Petty would reemerge late the following year with Wildflowers, which he and producer Rick Rubin had cut down from a planned double LP. “It’s Good to Be King,” “You Don’t Know How It Feels” and the title track would be key parts of his live show until the end of his career. Rubin would later draft Tom Petty and the Heartbreakers to back Johnny Cash on the Man in Black’s Unchained LP in 1996; Petty would later join Cash on a recording of “I Won’t Back Down.”
Petty was one of the favorite artists of my youth but I’d lost touch with his work by the mid-1990s, having drifted to the music coming out of Nashville and then eventually to downloads and streaming, largely eschewing radio. The last fifteen years produced far fewer hits but several critically acclaimed albums, whether with the Heartbreakers or a reformed Mudcrutch.
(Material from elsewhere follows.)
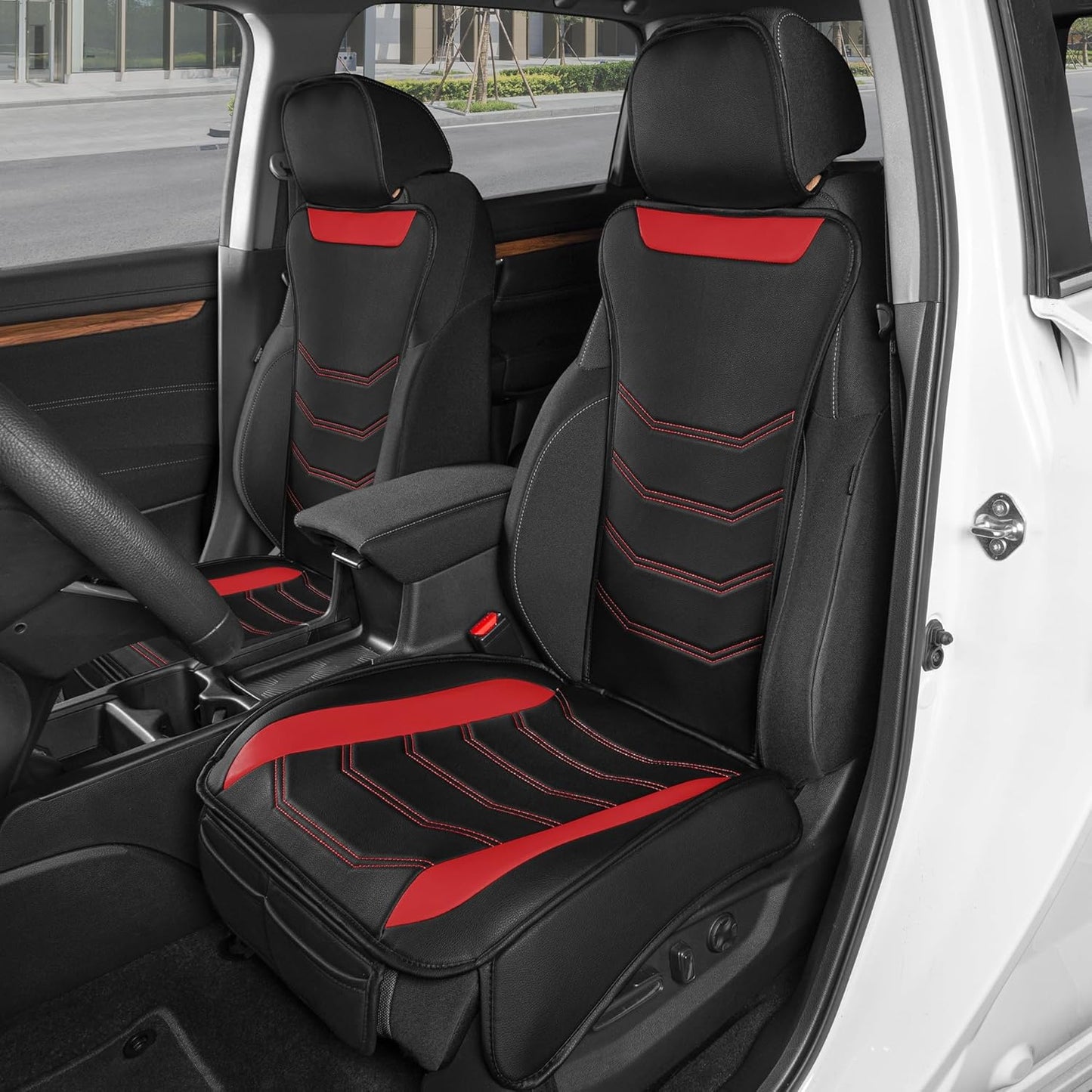 BDK Auto MTSC-9210-BG: Slim-Fit Pu Leather Seat Cushion/Beige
I got reacquainted with Petty and his music a couple years back after listening to a Freakonomics podcast titled “Should Everyone Be in a Rock Band?” featuring an interview with Warren Zanes, who had recently published what will likely be the definitive Tom Petty biography. I promptly bought and read the book and downloaded the Petty catalog. While I appreciate the newer work and understand that it’s musically far superior to the likes of “Damn the Torpedoes,” I didn’t grow up with it and it doesn’t resonate with me as strongly.
It’s truly remarkable, though, that Petty was still putting out highly-regarded new music decades after his contemporaries had become cover bands of their younger selves. His sudden passing is shocking and sad. He left behind a treasure trove of recorded work and won’t soon be forgotten.